We often try to squelch our emotions for fear of appearing unstable or vulnerable. Indeed, past research has suggested that expressions of emotional ambivalence—the signs of tension or conflict that show in our faces and bodies when we experience negative and positive feelings at the same time—can be dangerous in zero-sum distributive negotiations, or those where negotiators are battling over a fixed pie of resources. In such situations, counterparts tend to view ambivalent negotiators as submissive and consequently are able to dominate them.
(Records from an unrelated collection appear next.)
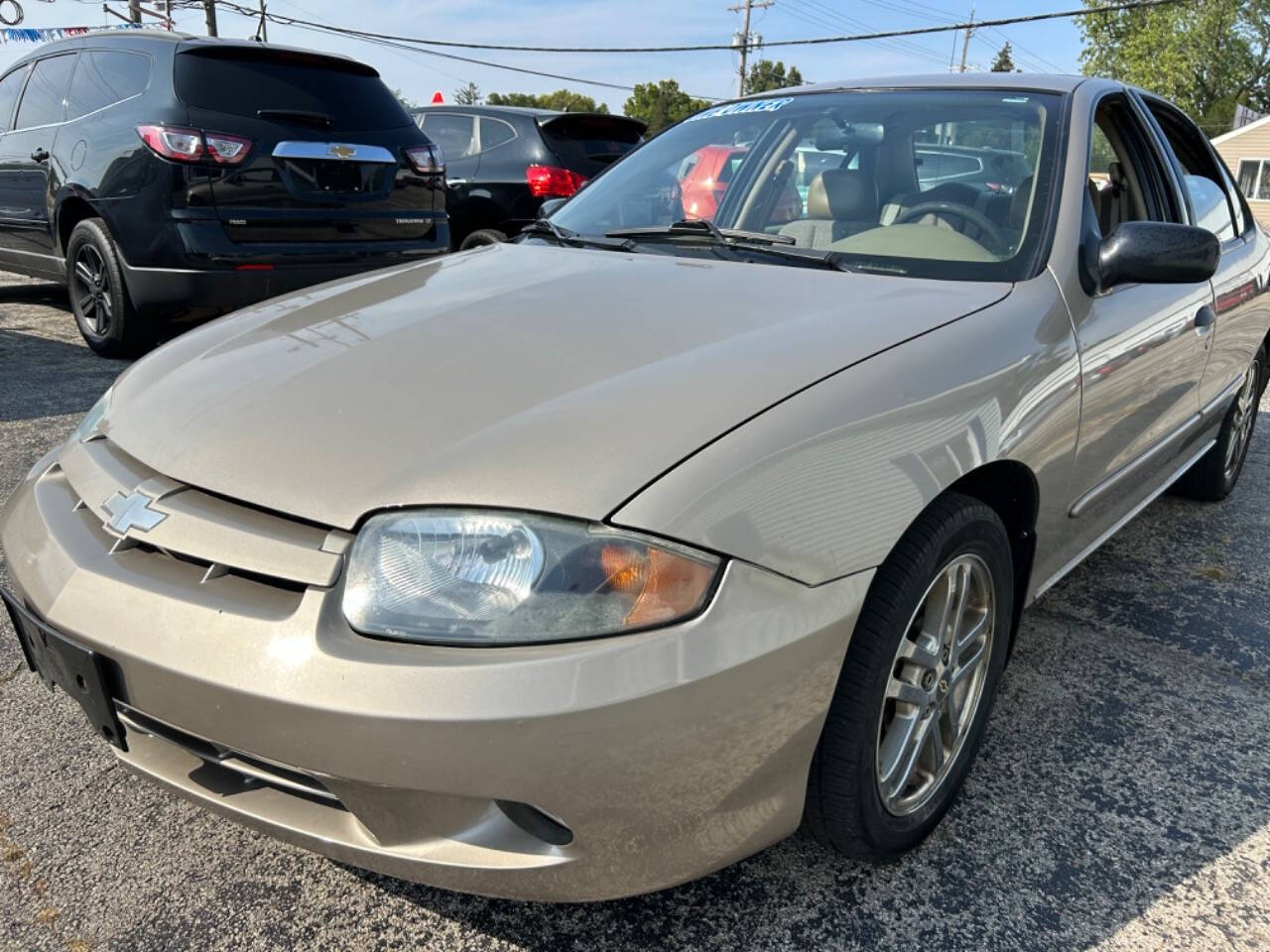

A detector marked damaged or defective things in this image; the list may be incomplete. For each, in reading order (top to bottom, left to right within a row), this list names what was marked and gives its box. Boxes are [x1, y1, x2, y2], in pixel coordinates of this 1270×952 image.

missing front license plate [0, 587, 127, 750] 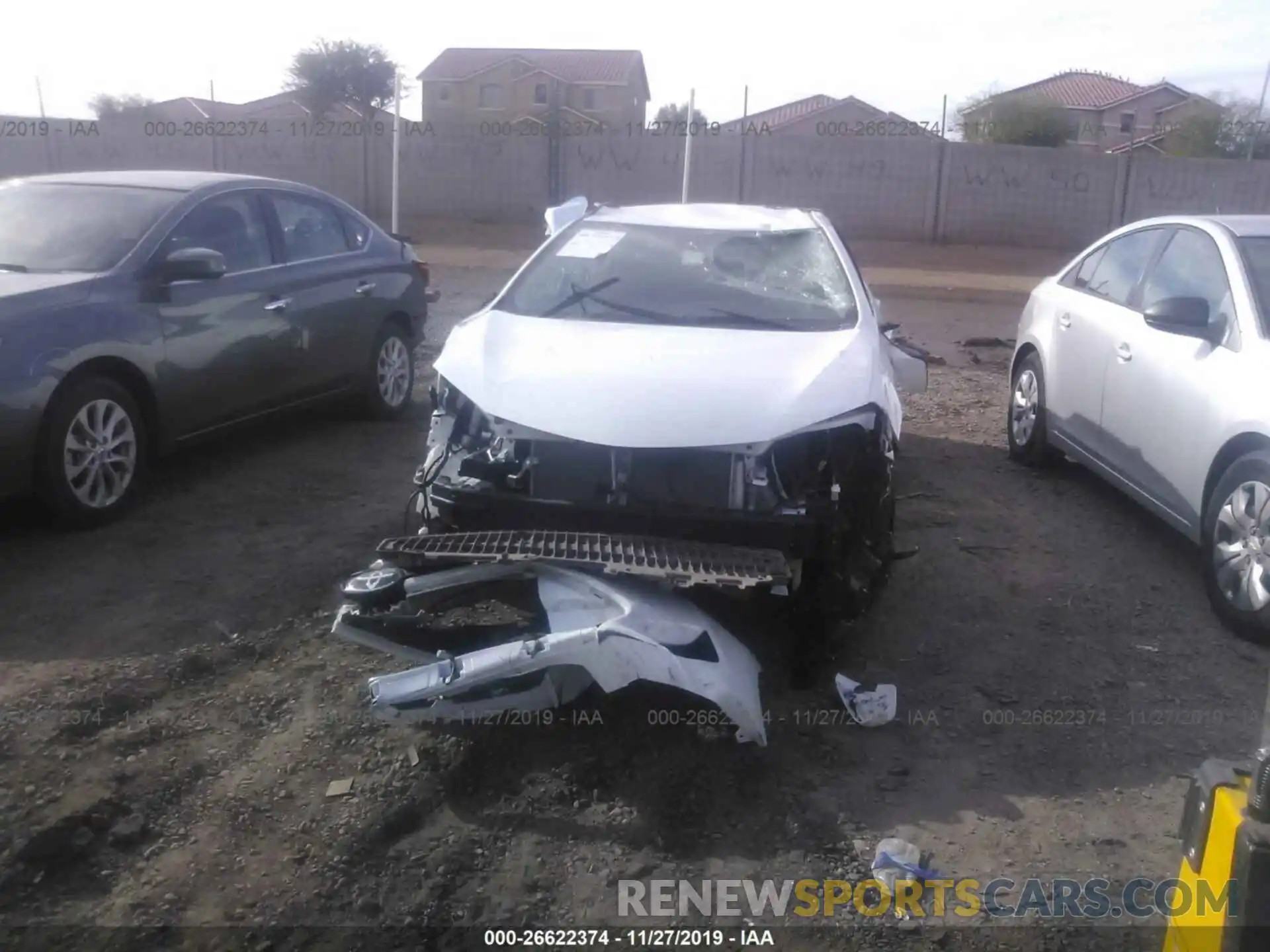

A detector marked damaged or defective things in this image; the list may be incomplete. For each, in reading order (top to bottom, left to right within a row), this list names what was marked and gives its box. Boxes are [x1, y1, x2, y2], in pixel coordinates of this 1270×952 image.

crumpled hood [437, 308, 894, 450]
wrecked white toyota corolla [332, 198, 926, 746]
damaged radiator grille [376, 529, 788, 587] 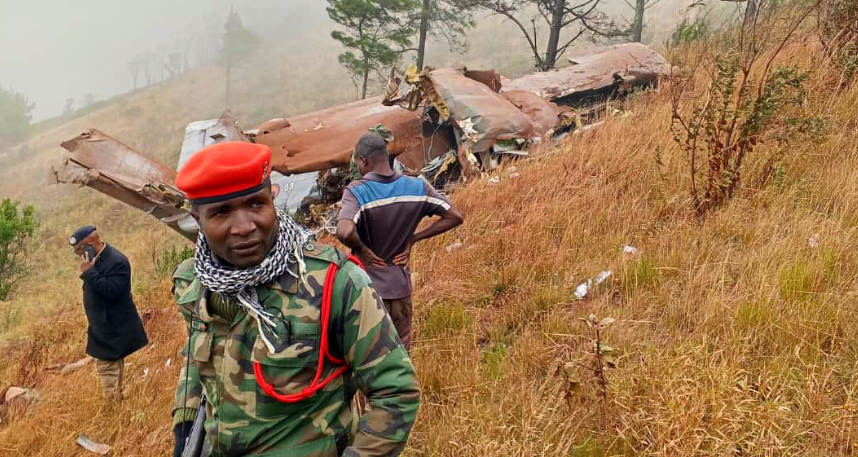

But a new study suggests that in the more complex negotiations that are typical of our business and personal lives, feeling and expressing conflicting emotions may actually be beneficial. In their new study, Naomi B. Rothman of Lehigh University and Gregory B. Northcraft of the University of Illinois looked at how emotionally ambivalent negotiators are perceived in integrative negotiations, or those where negotiators have opportunities to create value across issues.
In one of their experiments, where participants were encouraged to cooperate, some watched a silent videotape of a negotiation in which one party (an actor) appeared either happy, angry, ambivalent, or unemotional. The participants who watched a video were told they would engage in a negotiation simulation over a new car via instant messaging with the person in the video; in actuality, they were paired with another participant who had not seen a video. During their 30-minute negotiation, the pairs of participants could potentially claim or create value across such issues as sales price, warranty, financing, and delivery date.
When participants were negotiating with a partner they perceived as emotionally ambivalent, pairs achieved higher joint value than did pairs in which the partner had expressed anger or no emotion. (When partners expressed happiness, the results were inconclusive.) Participants perceived ambivalent partners as submissive, and this submissiveness explained the pairs’ success at creating value. Expressing ambivalence may have invited assertive behavior from negotiation partners and thus helped expand the pie of resources. Thus, your conflicting emotions in multi-issue negotiations may be less of a hindrance than you might think, especially if you can set a cooperative tone.
Resource: “Unlocking Integrative Potential: Expressed Emotional Ambivalence and Negotiation Outcomes,” by Naomi B. Rothman and Gregory B. Northcraft. Organizational Behavior and Human Decision Processes, 2015.